Friday, September 05, 2008

Functional Tolerance



Too often we see good athletes with poor flexibility. This cohort of would be athletic monsters are truly capable, and yet limited in their expressions of physical capacity.
Poor mobility narrows ideal movement options and closes peak force production windows.
What do we mean? Decreased flexibility means decreased functional tolerance.

Let's use the seated press in the photo above as an example.
To properly perform this seated pressing movement (adored by Coach Bergener) the athlete must be able to safely stabilize their lumbar spines in a lordotic or slightly curved position. Under very few circumstances is it OK to generate force with a rounded low back.

To be able to perform the seated press with legs stretched out in front of the athlete in a long sitting position requires very good hamstring flexibility. The photo above is a good example of this.

Now take the athlete in the photo below. Note his excellent neutral back position and good overhead position. Note that he is only able to attain this correct positioning with his hamstrings in a crosslegged and unloaded position.

While there may be no real advantage to what your legs are doing when performing a low weight seated press, the metaphor should be clear. The athlete in the first photo has the capacity to press from either leg position, while the athlete below cannot long sit and press without compromise.

Now tighten the metaphor up and think about the effects of short hamstrings on lumbar positioning during a heavy clean. Tight hamstrings means compromised leg positioning in order to maintain a safe spine.
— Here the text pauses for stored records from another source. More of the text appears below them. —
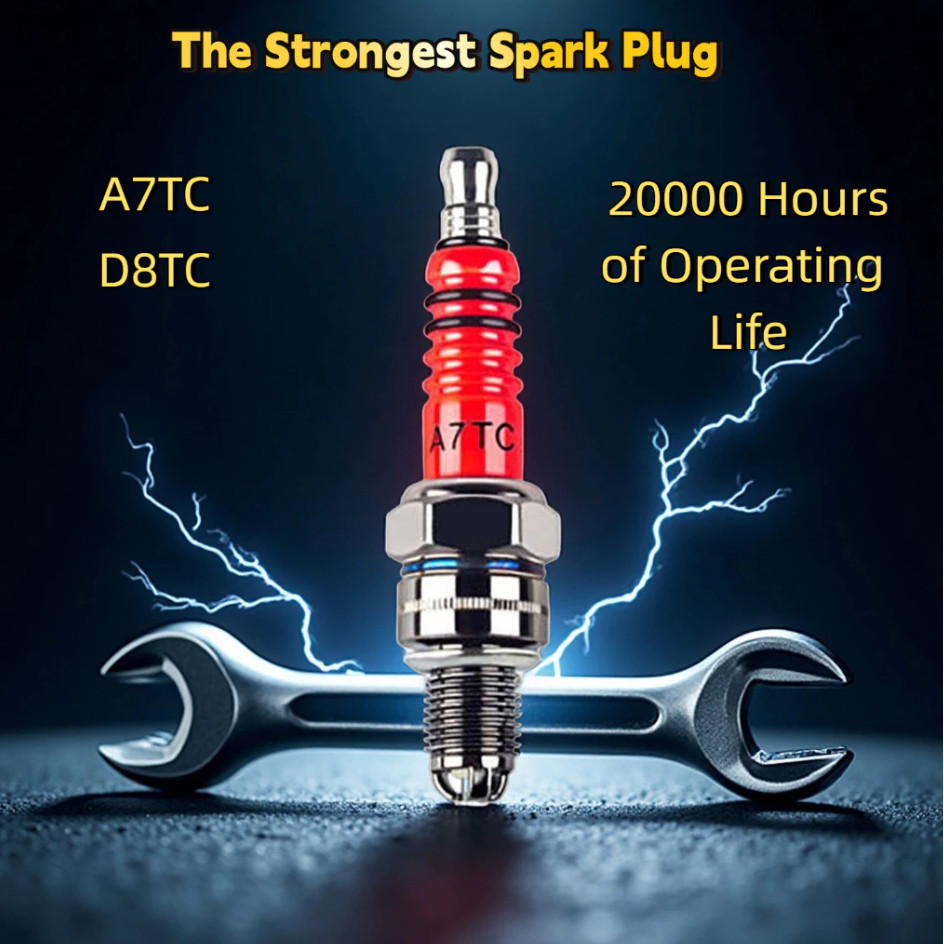 Bugi xe máy c7hsa d8ea bp7hs cb8e RUSI / TMX / BAJAJ / XRM / MIO / RAIDER / SMASH Hiệu suất cao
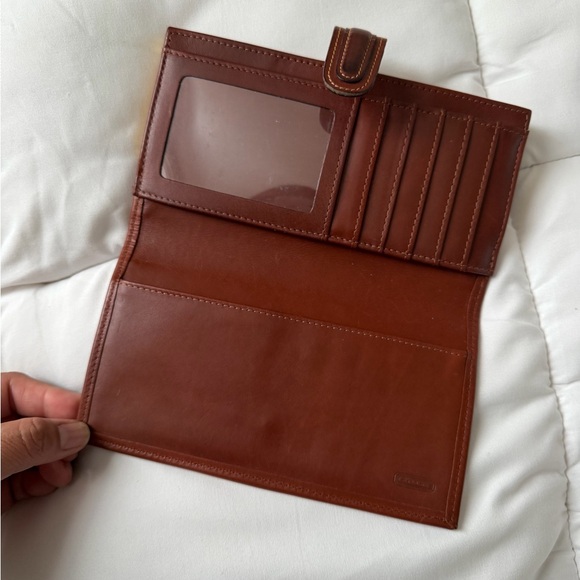 Coach Black and Brown Leather Wallet - Picture 3 of 4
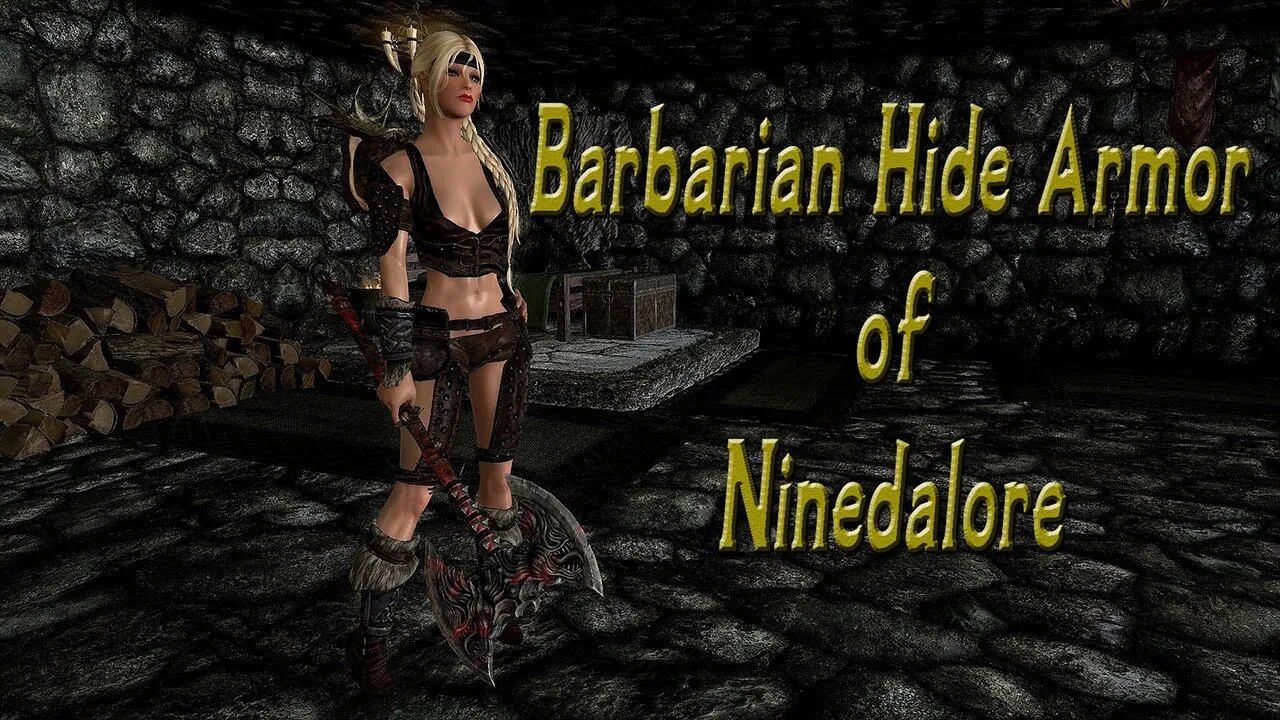 Skyrim - Barbarian Hide Armor of Ninedalore PC / Xbox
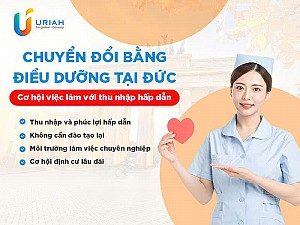 Chuyển đổi bằng điều dưỡng tại Đức: Cơ hội việc làm với thu nhập hấp dẫn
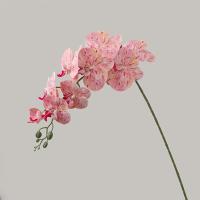 9 ramas artificiales de Phalaenopsis de cabeza, flor de orquídeas de mariposa Artificial hecha a mano realista, flores falsas de tacto Real - details 26
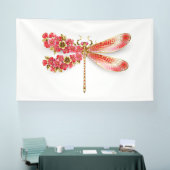 Blume Dragonfly mit Schmucksakura Banner (Messe)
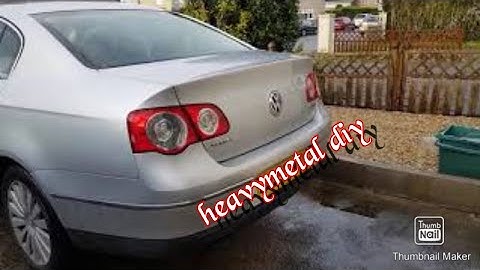 vw passat b6 boot strut tutorial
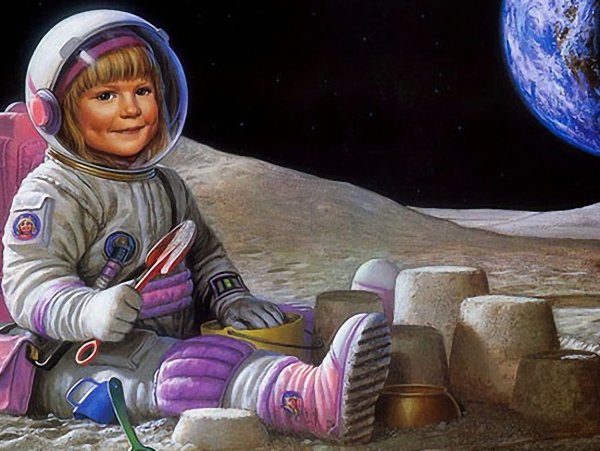 Девочка в скафандре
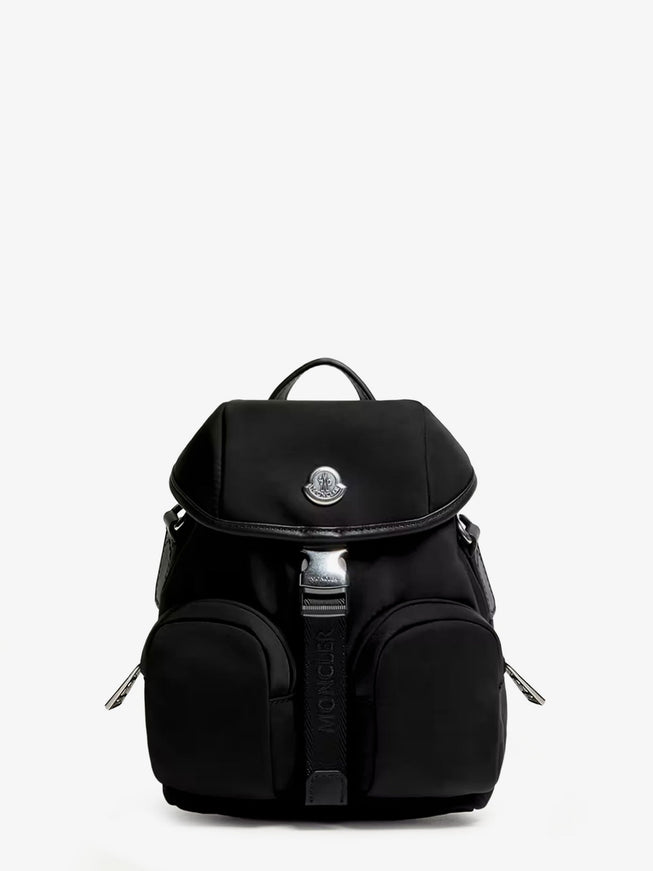 Moncler Trick Nylon Crossbody Bag With Logo Patch On The Front Uni Nero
Or, tight hamstrings means that the athlete is going to have less functional wiggle room to get the movement right, and make it forceful.
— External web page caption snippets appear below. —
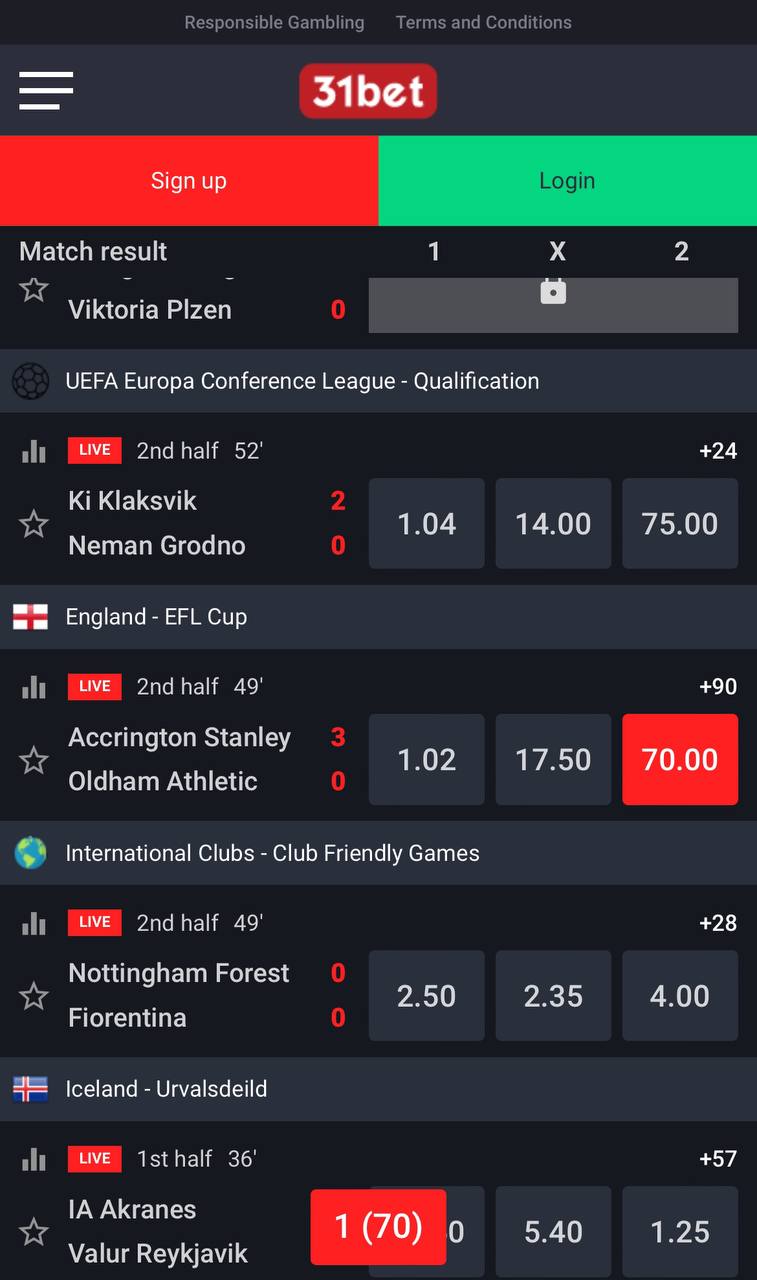 31bet Sports Betting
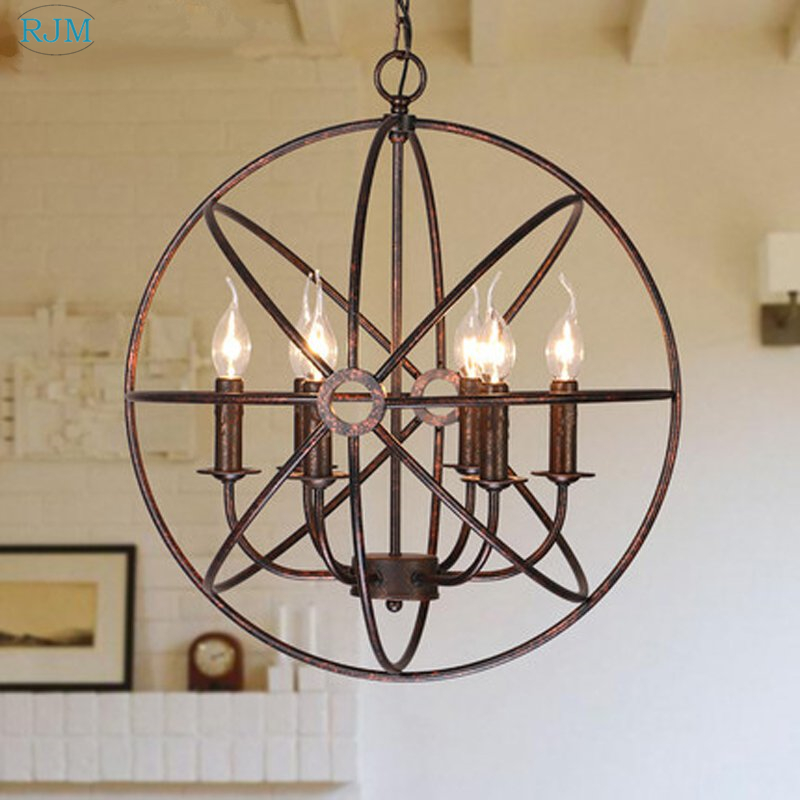 American Industrial Loft Candl - Lzpz Rui Decor Lighting Store 리뷰 및 가격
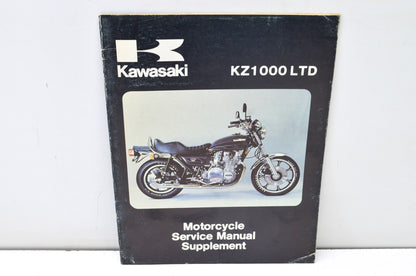 OEM Kawasaki 99963-0034-01 Service Manual Supplement KZ1000B4 NOS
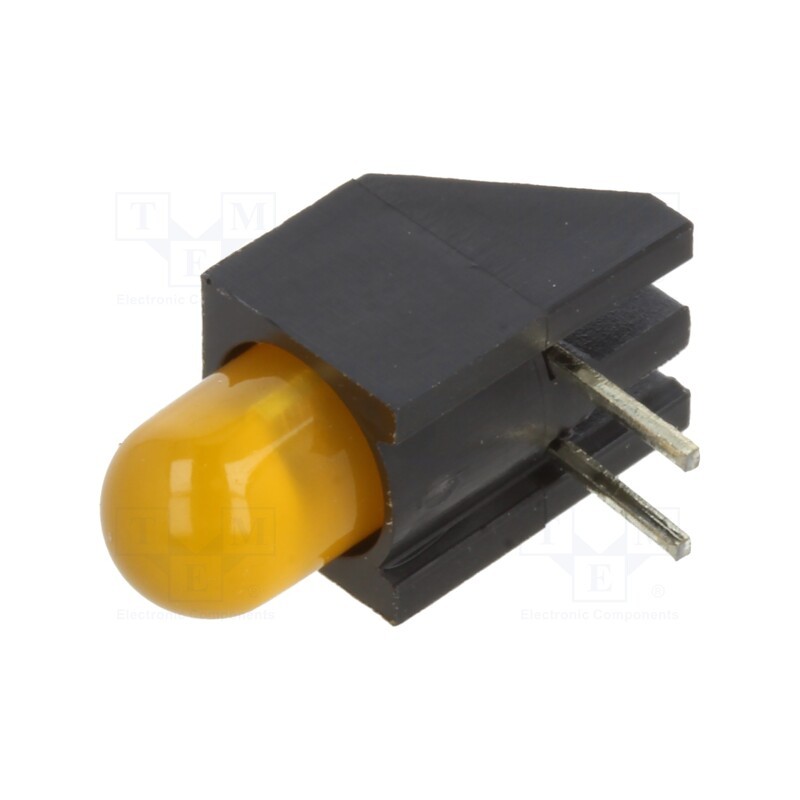 10 pcs : H178CAD - LED, in housing, amber, 5mm, No.of diodes: 1, 20mA, Lens: diffused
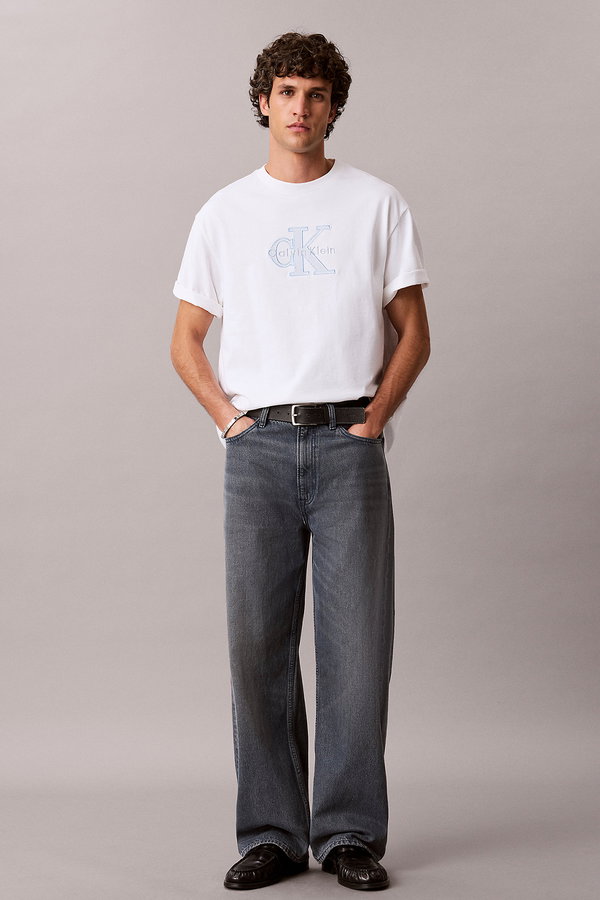 Calvin Klein Erkek Bisiklet Yaka T-shirt Beyaz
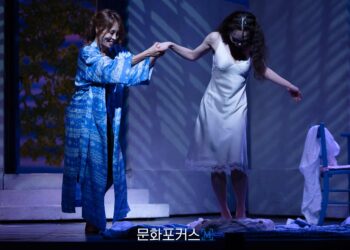 [현장스케치] 최정원-최태이, “드레스 안으로 뛰어들어~”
Note in the photo below, one male athlete in five is in the long sitting position.
Hmmmm.
Get on it.

Coach Kstar


11 comments:

Anonymous said...

Note: Freakishly flexible "one male athlete" is a professional ballet dancer. Aaaaaand, he is kind of a bad ass. :)

FilthyBrit said...

I've known for a while now that flexibility (i.e., lack thereof), particularly in the hamstrings, is really holding me back in certain movements. But I've often wondered, is "constantly varied" something to strive for in stretching, too, or is it possible to come up with a stretching routine we could follow for, say 15 minutes a day? If the latter, what would you prescribe, again, particularly for the hamstrings?

Cheers!

Anonymous said...

Adrian and I should host a gymnastics/ballet stretching class. You think Crossfit hurts the next day....
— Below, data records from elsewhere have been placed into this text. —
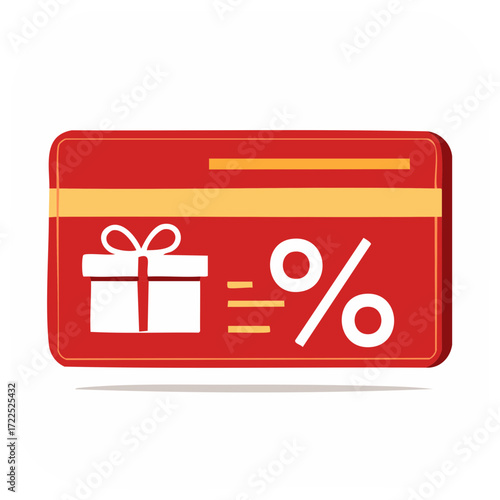 Gift Card with Discount Percentage, Special Offer Promotion, Reward Sale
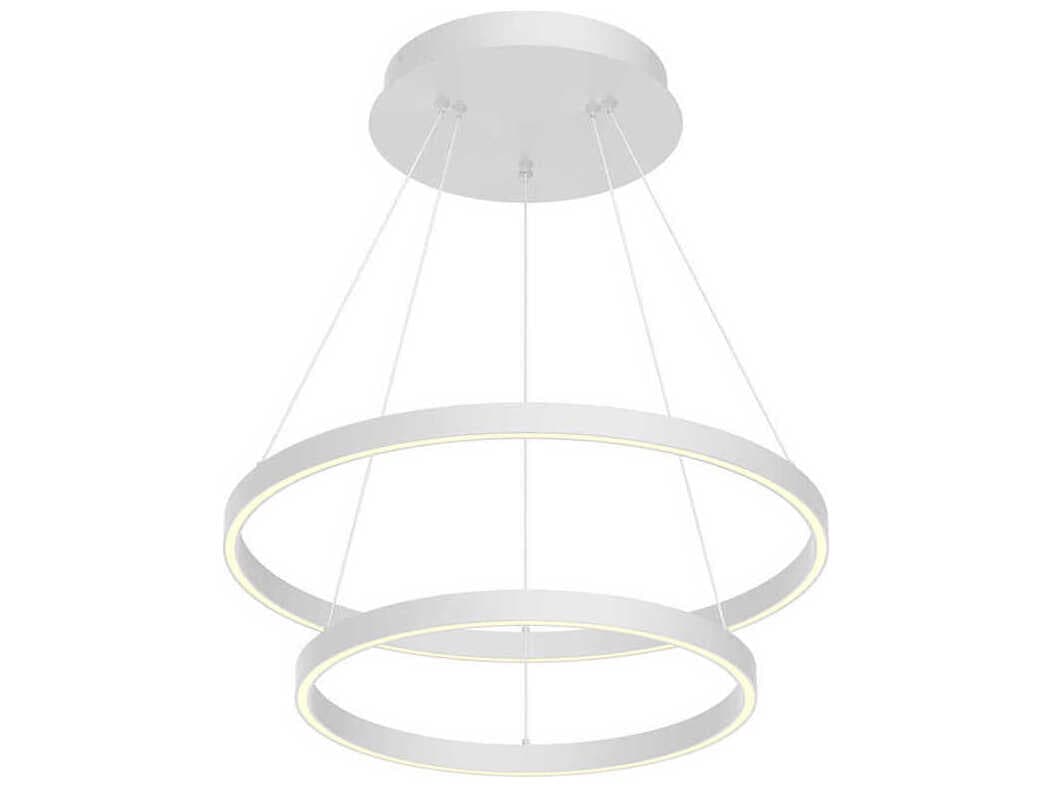 Kuzco Lighting Cerchio White Round Chandelier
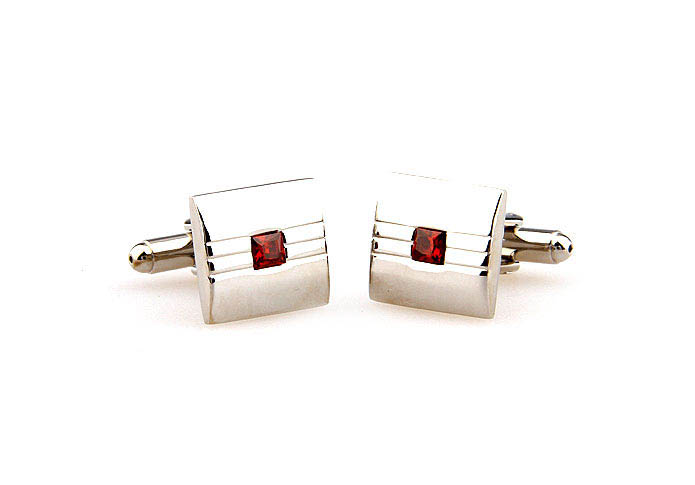  Red Festive Cufflinks Crystal Cufflinks Wholesale & Customized  CL664484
p.s. not so much badass as one bad fucking psoas which is weaker than my penis trying to do cock pushups. Damn psoas!

;-)

James

FilthyBrit said...

I think running a stretching class at SFCF would be awesome. That'll save me from signing up for a yoga class somewhere. I don't want to be any more like Sting than is absolutely necessary.

p.s. Cock push-ups. Wow.

Aaron said...

I don't know if I want to see the burning man video now.

Ross Naughton said...

Cock push-ups!! Outstanding. Anyone who is not on board w/ cock push-ups has a real attitude problem.

Olivia de Santis said...

I saw an amazing improvement in my workouts and general lower back issues when I started stretching at the Circus Center. When I started, I could barely deal with just sitting in that position, now I can rest my face on my knees. It's really amazing what hamstring flexibility can do for you.

FilthyBrit said...

So is stretching class a go? Maybe as part of open-gym on Saturday? Just an idea!

Eric said...

I second the vote for a stretching class.

Eric

FilthyBrit said...

A few thoughts if we do the class. Within the limits of a group class structure, it would be great if we could get some examples of diagnostic tests we can do to figure out what's causing our flexibility issues, and then also come up with specific stretches we can do on our own as part of a routine (if routine makes sense) to address those issues. (Even more helpful would stretches I can do at work!)

Anonymous said...

Olivia,

Thanks for your post - because of it I just signed up for classes at the circus center!! :-)

And stretching at open gym sounds fantastic!